IACOBINA’s work engages material value, memory, and transformation through the use of decommissioned currency and mixed media. Working primarily with shredded U.S. dollars and German Deutsche Marks, she reclaims fragments of economic systems once considered absolute and repositions them as physical matter.
Currency—designed to circulate, exchange, and disappear—becomes the foundation of the work. Shredded, layered, embedded, and suspended in resin, these remnants are preserved like fossils in amber. The process resists speed and disposability, asking the viewer to slow down and reconsider what is held, lost, or erased over time.
Her compositions draw from cartography, urban structure, and architectural rhythm. Cities, maps, and symbolic forms emerge from accumulated fragments of currency, reflecting systems of power, movement, and control. Through fragmentation and reconstruction, the work examines the tension between permanence and collapse, value and loss.

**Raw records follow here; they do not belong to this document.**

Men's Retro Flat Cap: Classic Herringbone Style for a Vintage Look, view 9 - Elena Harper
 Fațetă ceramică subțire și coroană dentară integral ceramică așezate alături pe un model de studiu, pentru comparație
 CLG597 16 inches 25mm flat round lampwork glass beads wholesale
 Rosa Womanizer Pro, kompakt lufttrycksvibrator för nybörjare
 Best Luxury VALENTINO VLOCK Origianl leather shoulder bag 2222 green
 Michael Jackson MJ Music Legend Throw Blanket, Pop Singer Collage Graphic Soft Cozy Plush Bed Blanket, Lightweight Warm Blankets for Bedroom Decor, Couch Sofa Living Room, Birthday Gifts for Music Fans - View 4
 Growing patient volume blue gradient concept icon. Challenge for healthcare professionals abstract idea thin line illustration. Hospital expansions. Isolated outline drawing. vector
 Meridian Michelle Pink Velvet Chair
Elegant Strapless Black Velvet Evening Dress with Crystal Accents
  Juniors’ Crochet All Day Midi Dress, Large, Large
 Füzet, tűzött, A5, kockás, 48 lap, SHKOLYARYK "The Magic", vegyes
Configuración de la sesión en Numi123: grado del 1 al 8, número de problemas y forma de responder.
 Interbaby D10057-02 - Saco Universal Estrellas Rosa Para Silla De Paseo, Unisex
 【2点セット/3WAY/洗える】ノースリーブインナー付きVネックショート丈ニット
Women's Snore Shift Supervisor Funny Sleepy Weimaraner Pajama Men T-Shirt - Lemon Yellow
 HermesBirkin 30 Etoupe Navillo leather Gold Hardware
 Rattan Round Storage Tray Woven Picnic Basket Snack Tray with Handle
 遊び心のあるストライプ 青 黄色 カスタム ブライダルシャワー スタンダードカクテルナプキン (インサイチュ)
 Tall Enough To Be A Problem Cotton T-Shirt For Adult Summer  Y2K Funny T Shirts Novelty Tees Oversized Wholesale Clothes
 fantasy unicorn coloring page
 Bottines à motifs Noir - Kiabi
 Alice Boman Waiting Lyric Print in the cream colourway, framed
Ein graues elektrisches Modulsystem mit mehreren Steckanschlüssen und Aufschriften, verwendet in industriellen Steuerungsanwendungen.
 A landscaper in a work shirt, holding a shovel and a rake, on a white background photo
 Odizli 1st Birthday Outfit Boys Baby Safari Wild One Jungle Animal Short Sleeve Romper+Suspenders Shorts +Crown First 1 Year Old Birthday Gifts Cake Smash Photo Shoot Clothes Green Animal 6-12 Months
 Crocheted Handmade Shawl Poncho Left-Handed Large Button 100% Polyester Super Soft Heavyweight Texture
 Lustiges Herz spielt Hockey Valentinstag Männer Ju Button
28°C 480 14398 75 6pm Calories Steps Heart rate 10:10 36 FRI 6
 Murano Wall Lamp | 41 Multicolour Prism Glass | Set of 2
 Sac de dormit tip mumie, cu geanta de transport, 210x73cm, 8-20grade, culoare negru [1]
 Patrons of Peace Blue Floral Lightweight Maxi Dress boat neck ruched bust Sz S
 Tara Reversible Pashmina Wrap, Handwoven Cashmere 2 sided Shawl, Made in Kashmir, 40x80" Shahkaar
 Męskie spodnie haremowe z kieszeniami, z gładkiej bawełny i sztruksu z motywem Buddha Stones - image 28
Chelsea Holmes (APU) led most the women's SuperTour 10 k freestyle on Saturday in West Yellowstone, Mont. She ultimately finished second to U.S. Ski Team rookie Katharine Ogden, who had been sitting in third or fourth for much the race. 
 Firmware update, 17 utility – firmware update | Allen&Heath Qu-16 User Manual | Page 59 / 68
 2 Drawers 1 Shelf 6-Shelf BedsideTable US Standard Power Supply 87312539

Raised between Romanian tradition and Western modernity, IACOBINA’s practice is shaped by inherited memory and contemporary urgency. She does not create to decorate, but to hold—preserving what has been shredded, overlooked, or deemed expendable, and giving it renewed presence and gravity.

BIO

Born in Romania in 1971, IACOBINA (Doina-Mihaela Iacob) is a mixed-media artist whose practice is rooted in material transformation and systems of value. She began her artistic career in the Romanian cartoon industry, where she developed strong technical discipline, precision, and narrative awareness.
She later mastered the Galle technique of reverse painting on glass, an exacting process that deepened her attention to detail, layering, and surface. In 2004, she emigrated to the United States with her family, bringing with her a visual language shaped by Eastern European tradition and contemporary Western culture.
Now based near Chicago, Illinois, IACOBINA has participated in numerous group exhibitions throughout the region. Her recent work is defined by the use of decommissioned currency—primarily shredded U.S. dollars and German Deutsche Marks—meticulously arranged and embedded into mixed-media compositions. Through this process, materials once designed for circulation and consumption are recontextualized as fixed, physical objects that reflect on memory, power, and material permanence.